▶ **What to work on**: Should the listing contain images, exclude them; give the rest again exactly.

::::

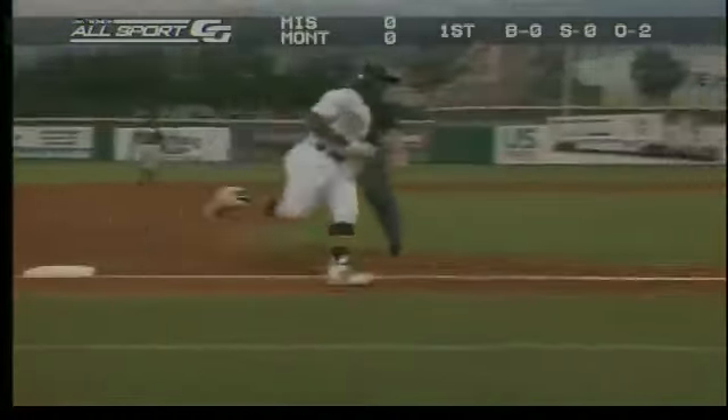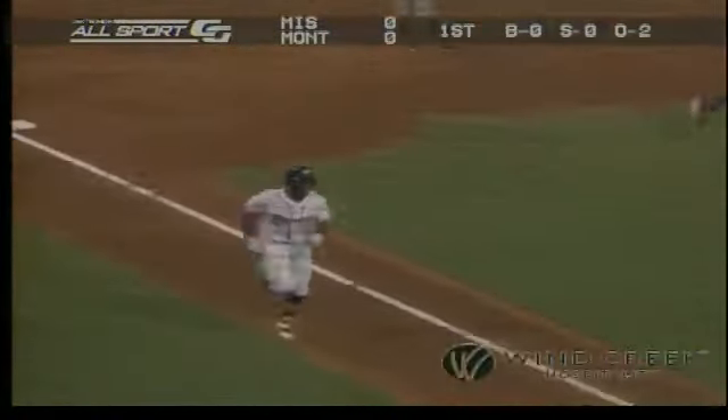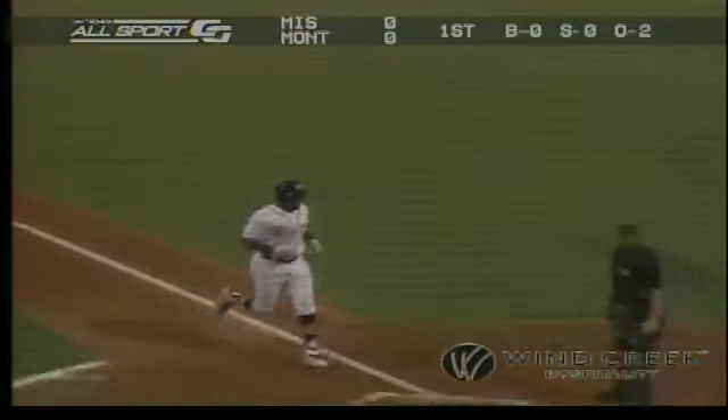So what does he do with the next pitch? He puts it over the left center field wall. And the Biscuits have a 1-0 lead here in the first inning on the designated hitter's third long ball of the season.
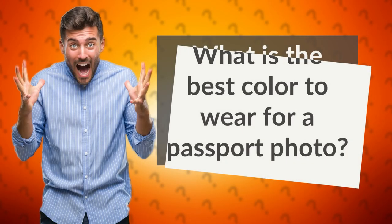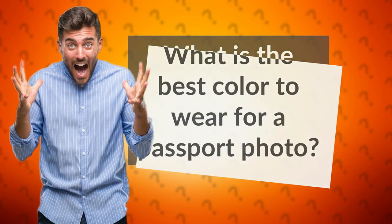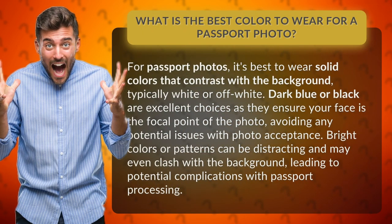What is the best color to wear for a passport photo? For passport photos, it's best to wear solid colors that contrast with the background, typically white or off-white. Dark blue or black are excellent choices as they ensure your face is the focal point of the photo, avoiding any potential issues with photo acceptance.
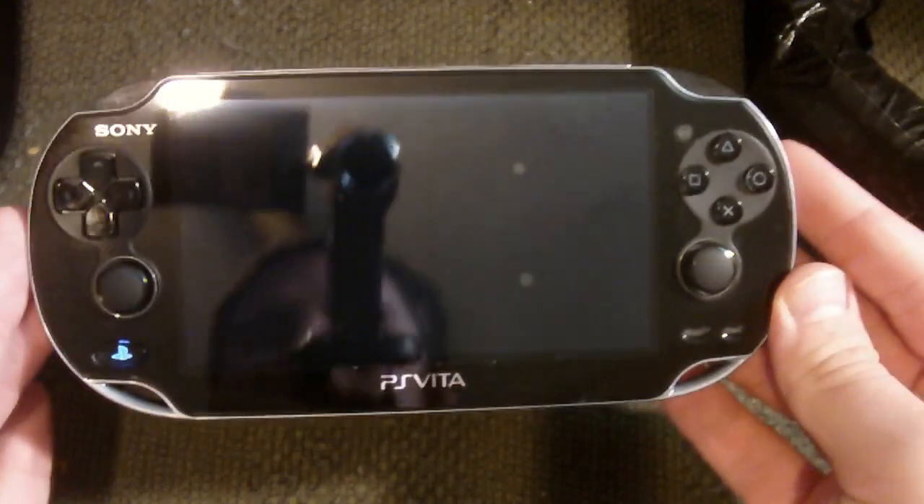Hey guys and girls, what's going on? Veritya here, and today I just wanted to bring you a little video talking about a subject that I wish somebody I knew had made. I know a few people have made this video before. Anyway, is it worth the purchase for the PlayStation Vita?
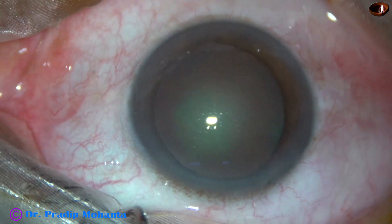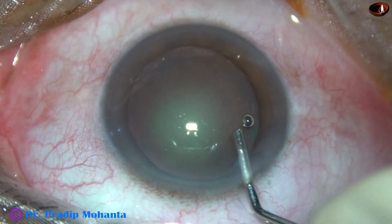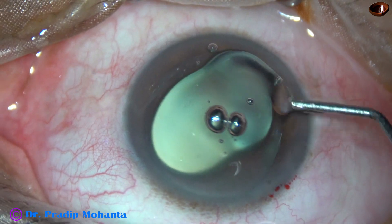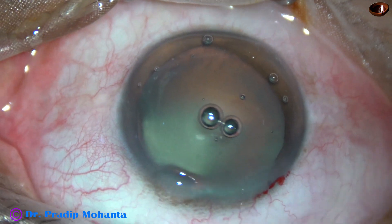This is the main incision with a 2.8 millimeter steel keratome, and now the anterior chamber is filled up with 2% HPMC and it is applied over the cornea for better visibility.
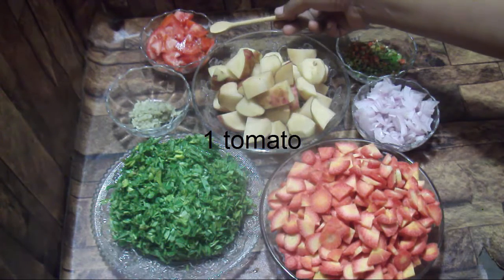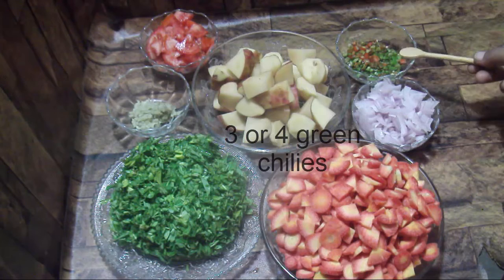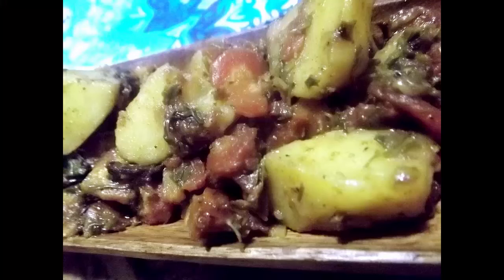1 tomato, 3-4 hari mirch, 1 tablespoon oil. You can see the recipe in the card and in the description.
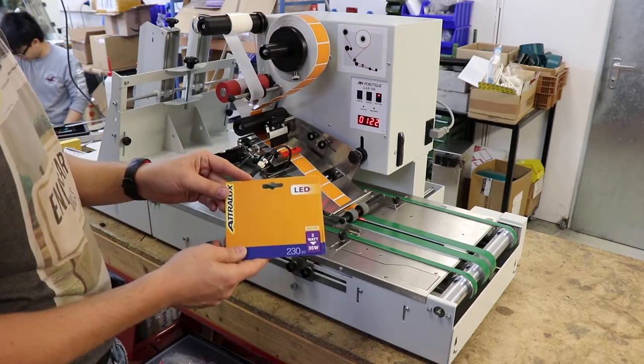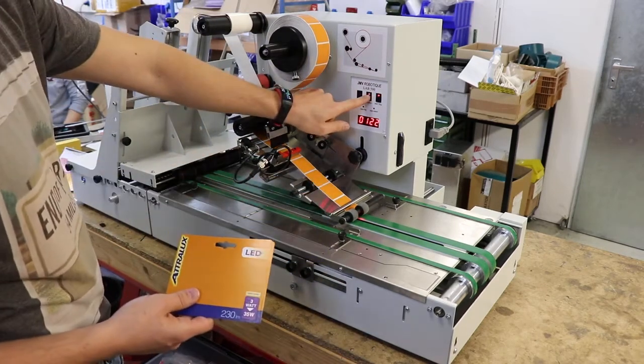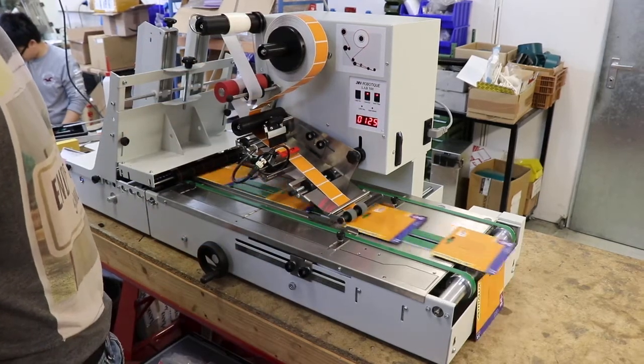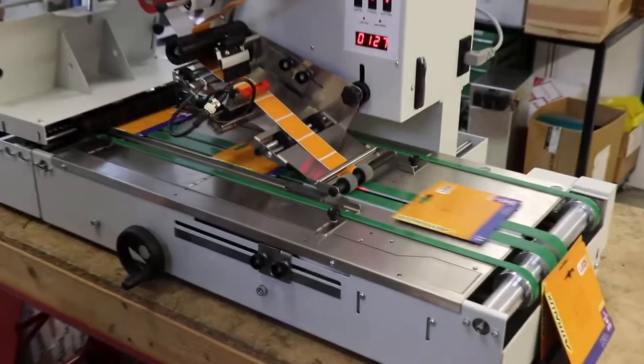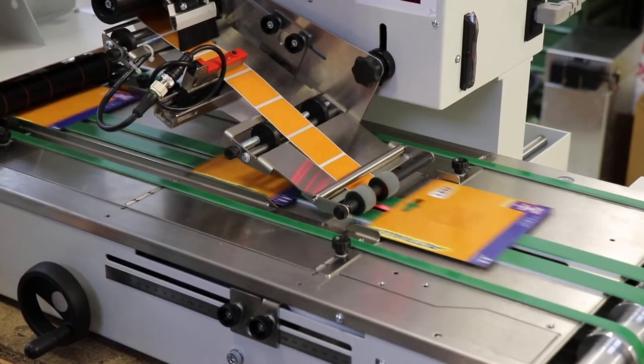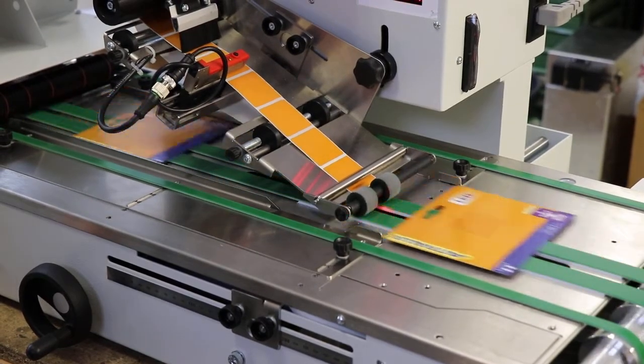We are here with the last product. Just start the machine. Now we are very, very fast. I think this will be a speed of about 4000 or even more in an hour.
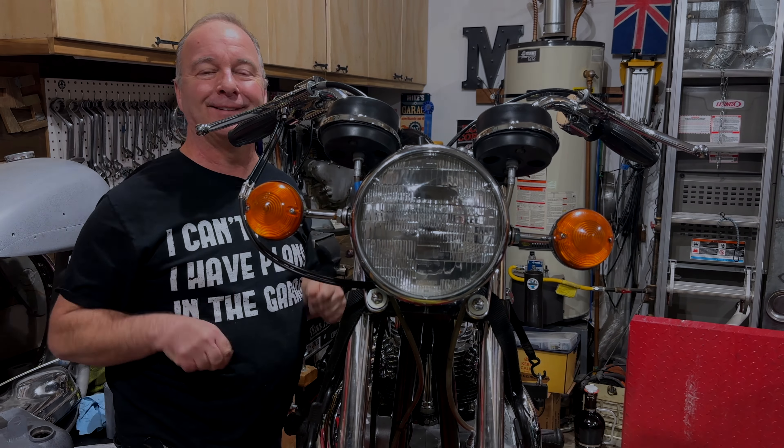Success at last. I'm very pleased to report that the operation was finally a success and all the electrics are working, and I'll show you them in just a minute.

::::

▶ **Output of the exercise**:
So what does he do with the next pitch? He puts it over the left center field wall. And the Biscuits have a 1-0 lead here in the first inning on the designated hitter's third long ball of the season.
What is the best color to wear for a passport photo? For passport photos, it's best to wear solid colors that contrast with the background, typically white or off-white. Dark blue or black are excellent choices as they ensure your face is the focal point of the photo, avoiding any potential issues with photo acceptance.
Hey guys and girls, what's going on? Veritya here, and today I just wanted to bring you a little video talking about a subject that I wish somebody I knew had made. I know a few people have made this video before. Anyway, is it worth the purchase for the PlayStation Vita?
This is the main incision with a 2.8 millimeter steel keratome, and now the anterior chamber is filled up with 2% HPMC and it is applied over the cornea for better visibility.
1 tomato, 3-4 hari mirch, 1 tablespoon oil. You can see the recipe in the card and in the description.
We are here with the last product. Just start the machine. Now we are very, very fast. I think this will be a speed of about 4000 or even more in an hour.
Success at last. I'm very pleased to report that the operation was finally a success and all the electrics are working, and I'll show you them in just a minute.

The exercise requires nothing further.